Research
Water Treatment
This project focuses on enhancing the efficiency and reliability of compact Reverse Osmosis (RO) systems in nitrate-affected communities. Leveraging Self-Organizing Maps (SOMs), Reinforcement Learning (RL), and graph neural networks (GATs), the system can:
- Detect sensor anomalies and track nonlinear correlations among key water-treatment variables (e.g., turbidity, flow rate, pressure, pH).
- Enable data-driven predictive control by adjusting operational parameters (like pressure or coagulant dosing) based on real-time sensor feedback.
- Reduce operational overhead and extend cleaning intervals, lowering overall maintenance costs and improving sustainability.
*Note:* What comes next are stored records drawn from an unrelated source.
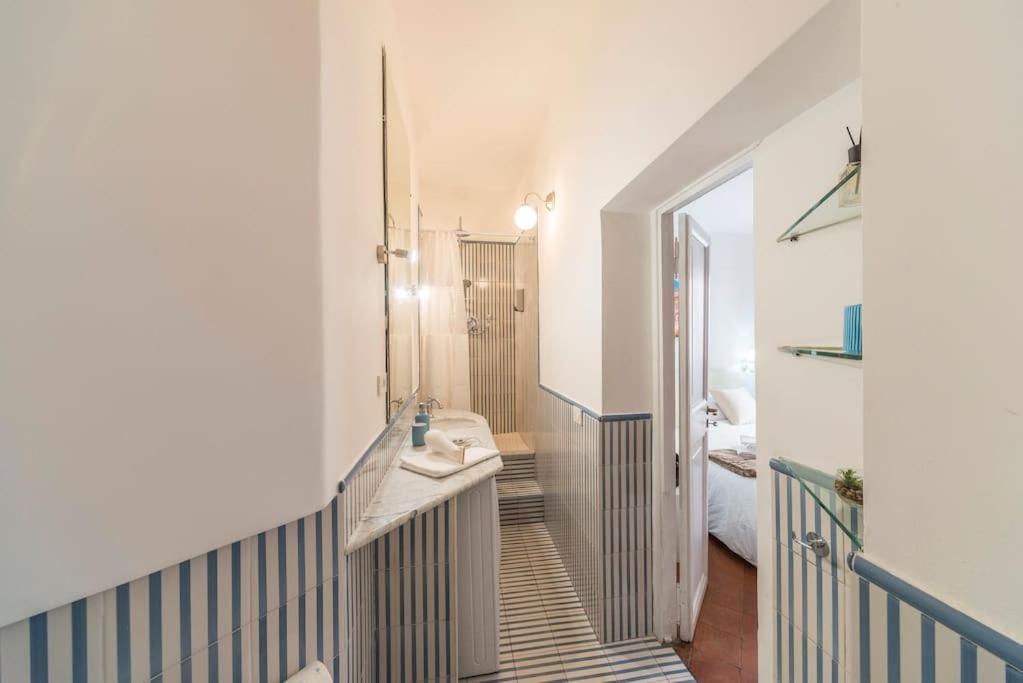 Trevi Domus Avignonesi Apartment โรม ภายนอก รูปภาพ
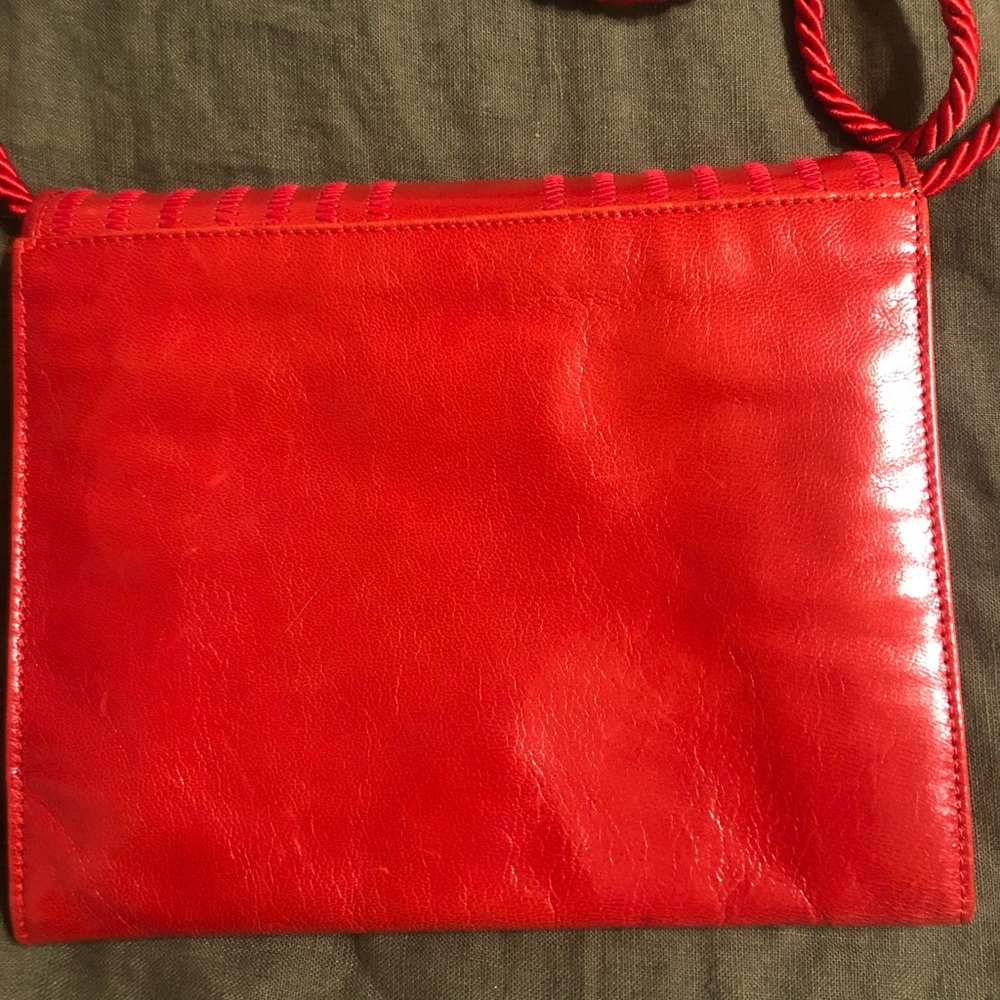 🤩 *AUTHENTIC* VINTAGE 80’s FENDI RED LEATHER CROSSBODY* 💗 - Picture 4 of 16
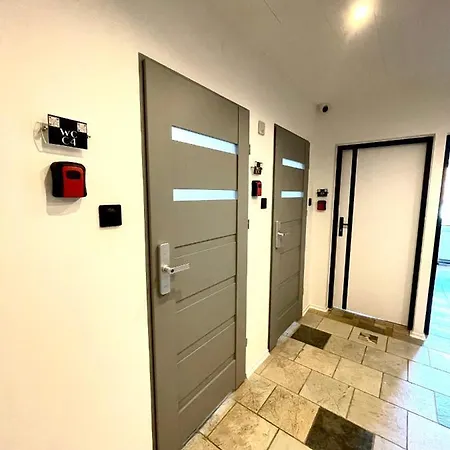 Happy Living Хостел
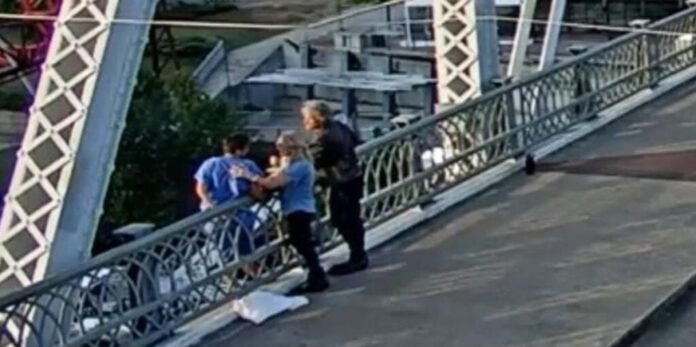 Bon Jovi saves distressed woman on Nashville bridge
Funded in part by the U.S. Department of Energy, the California State Department of Water Resources, and the U.S. National Alliance for Water Innovation, this collaborative effort unites researchers from California State University, San Bernardino (CSUSB) and the University of California, Los Angeles (UCLA).
Cooperative LiDAR Labeling & Data Fusion
This project involves multiple vehicles, each equipped with LiDAR, cameras, and IMUs, working collaboratively to collect data from diverse vantage points. The initiative is conducted in partnership with the Collaborative Intelligence Systems Labunder the guidance of Prof. Hang qiu.
- Calibrate and align camera-based and LiDAR-based detections in a shared reference frame using transformation matrices (IMU/GPS, extrinsic calibration).
- Employ Weighted Boxes Fusion (WBF) to merge overlapping bounding boxes from various models or sensors (e.g., LiDAR 3D detection, camera 2D/3D detection) into a single, high-confidence result.
- Automate a significant portion of the annotation process, reducing manual labeling effort and enabling large-scale dataset creation.
- Address occlusion and limited visibility scenarios by pooling sensor outputs from multiple vehicles.
This advanced fusion pipeline improves reliability in challenging driving conditions (e.g., unprotected left turns, multi-vehicle interactions) and supports downstream tasks like multi-agent tracking and shared occupancy mapping.
Dynamic Systems Model of Attention During Meditation
This project explores the attentional dynamics involved in a breath-counting meditation practice:
- Implements a dynamic systems model with an exponential decay function to simulate the gradual loss of focus during longer breath-counting cycles.
- Maps error likelihood to the model’s current “attention level,” reflecting empirical observations that participants are more prone to mistakes as their attention wanes.
- Calibrates key parameters (decay rates, min/max error thresholds) by comparing simulation outputs to real human data, validating the model’s fit to actual performance trends.
- Provides insights into cognitive and neuropsychological mechanisms behind mindfulness exercises, offering a quantifiable way to explore attentional lapses over time.